The client was a snack foods manufacturer, a division of [Popular Soft Drink Brand 1]. I was excited to be on my first case, and on the very first day we got to go out to the distribution centre. This is the warehouse where all the stock is received and then shipped out to the various supermarkets and so on. It was a pretty cool place, especially for a recent law grad who had never seen its like before. They gave us all visibility jackets, fluorescent yellow vests that theoretically helps forklift drivers not run you over. Its pretty standard practice in DCs, along with the bit they didn’t mention – there are lanes marked on the floor, which indicate where its safe for humans not driving a forklift to walk. Not being armed with this information, I nearly got hammered by a forklift coming around the corner, with end result being a few boxes going everywhere, and the partners being embarrassed by the rookie confirming to everyone that he was, in fact, a total newbie.

To compound my embarrassment, when we went to lunch with the clients later that day, I got my customary sandwich and diet [Popular Soft Drink Brand 2]. As you may remember, the client was a division of [Popular Soft Drink Brand 1]. I got several dirty looks during lunch, and a lecture later that afternoon about respecting the client, and never, ever, using a competing product, especially in an area as keenly fought over as soft drinks.
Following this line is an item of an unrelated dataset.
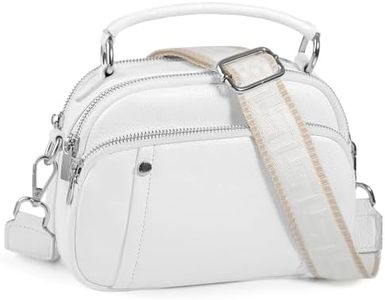 befen Small Genuine Leather Camera Crossbody Bags for Women Triple Zip Cross Body Purses Handbag with Wide Strap, B01-white, Crossbody Bag With Top Handle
Small stuff ups maybe, but to a new grad it seemed like I had irrevocably shot myself in the foot. Luckily my bosses were much more forgiving than that – and I have managed to keep my share of stuff ups since then low. Of course, there was always the agribusiness client but that’s a story for another time …

1 comment:

  1. hey Insider, welcome to the blogging world! Love the post - a great example of typical rookie days, where a) you have to be professional from day 1 and b) some of that does, unfortunately, simply require some street smarts you don't get told in the first onboarding days :-)

    Looking forward to your next postings!